¿Aviones o caníbales? No había color.
Percy habría preferido conducir el Cadillac de la abuela Zhang hasta Alaska perseguido por ogros que lanzaban bolas de fuego a sentarse en un Gulfstream de lujo.
Ya había volado antes. Los detalles eran confusos, pero se acordaba de un pegaso llamado Blackjack. Había estado en un avión una o dos veces. Pero el sitio de un hijo de Neptuno (o Poseidón, como se llamara) no estaba en el aire. Cada vez que el avión atravesaba una zona de turbulencias, a Percy se le aceleraba el corazón y pensaba que Júpiter los estaba zarandeando.
Trató de concentrarse en la conversación de Frank y Hazel. Hazel estaba asegurando a Frank que había hecho todo lo posible por su abuela. Frank los había salvado de los lestrigones y los había sacado de Vancouver. Había sido increíblemente valiente.
Frank mantenía la cabeza gacha como si se avergonzara de haber llorado, pero Percy lo comprendía perfectamente. El pobre acababa de perder a su abuela y había visto su casa arder en llamas. Por lo que a Percy respectaba, derramar unas cuantas lágrimas por algo así no te hacía menos hombre, sobre todo cuando acababas de rechazar a un ejército de ogros que querían comerte de desayuno.

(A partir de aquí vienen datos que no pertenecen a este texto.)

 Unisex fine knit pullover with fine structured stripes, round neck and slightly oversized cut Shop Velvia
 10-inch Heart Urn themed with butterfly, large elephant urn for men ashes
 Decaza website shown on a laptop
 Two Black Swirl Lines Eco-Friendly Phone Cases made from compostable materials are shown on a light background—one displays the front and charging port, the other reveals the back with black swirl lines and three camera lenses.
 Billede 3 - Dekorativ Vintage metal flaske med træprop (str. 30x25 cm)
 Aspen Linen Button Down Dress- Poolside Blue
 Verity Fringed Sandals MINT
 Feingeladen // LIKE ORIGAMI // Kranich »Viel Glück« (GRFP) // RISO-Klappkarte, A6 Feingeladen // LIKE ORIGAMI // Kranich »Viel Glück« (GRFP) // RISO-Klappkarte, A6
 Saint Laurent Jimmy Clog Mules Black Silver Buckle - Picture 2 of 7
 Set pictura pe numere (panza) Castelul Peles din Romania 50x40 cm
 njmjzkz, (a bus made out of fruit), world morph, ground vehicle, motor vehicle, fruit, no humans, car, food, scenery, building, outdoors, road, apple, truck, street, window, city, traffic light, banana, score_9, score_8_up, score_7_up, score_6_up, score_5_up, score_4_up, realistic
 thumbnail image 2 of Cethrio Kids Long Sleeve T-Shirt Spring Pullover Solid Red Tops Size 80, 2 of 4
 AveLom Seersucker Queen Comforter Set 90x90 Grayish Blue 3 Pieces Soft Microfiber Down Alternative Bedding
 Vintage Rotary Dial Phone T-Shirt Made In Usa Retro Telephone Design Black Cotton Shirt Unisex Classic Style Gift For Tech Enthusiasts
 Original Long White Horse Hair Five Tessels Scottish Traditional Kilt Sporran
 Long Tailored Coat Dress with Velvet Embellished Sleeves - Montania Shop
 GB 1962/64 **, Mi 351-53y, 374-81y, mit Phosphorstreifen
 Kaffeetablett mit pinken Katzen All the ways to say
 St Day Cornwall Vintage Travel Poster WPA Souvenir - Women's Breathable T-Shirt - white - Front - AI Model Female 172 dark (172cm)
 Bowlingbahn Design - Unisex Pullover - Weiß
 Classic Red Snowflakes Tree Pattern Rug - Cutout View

A Percy todavía no le cabía en la cabeza que Frank fuera su pariente lejano. Frank sería su… ¿qué? ¿Su sobrino nieto multiplicado por mil? Era de lo más raro.
Frank se negaba a explicar exactamente en qué consistía su «don familiar», pero mientras volaban hacia el norte, les relató la conversación que había mantenido con Marte la noche anterior. Explicó la profecía que Juno había pronunciado cuando él era un bebé, que su vida estaba ligada a un trozo de leña, y que le había pedido a Hazel que se lo guardara.
Percy ya había averiguado parte de esa información. Era evidente que Hazel y Frank habían compartido algunas experiencias raras cuando se habían desmayado y que habían hecho una especie de trato. Eso también explicaba por qué incluso en ese momento, movido por la costumbre, Frank no parara de comprobar el bolsillo de su abrigo y por qué se ponía tan nervioso cuando había fuego cerca. Aun así, Percy no podía imaginarse el valor que había necesitado Frank para embarcarse en una misión, sabiendo que una pequeña llama podía apagar su vida.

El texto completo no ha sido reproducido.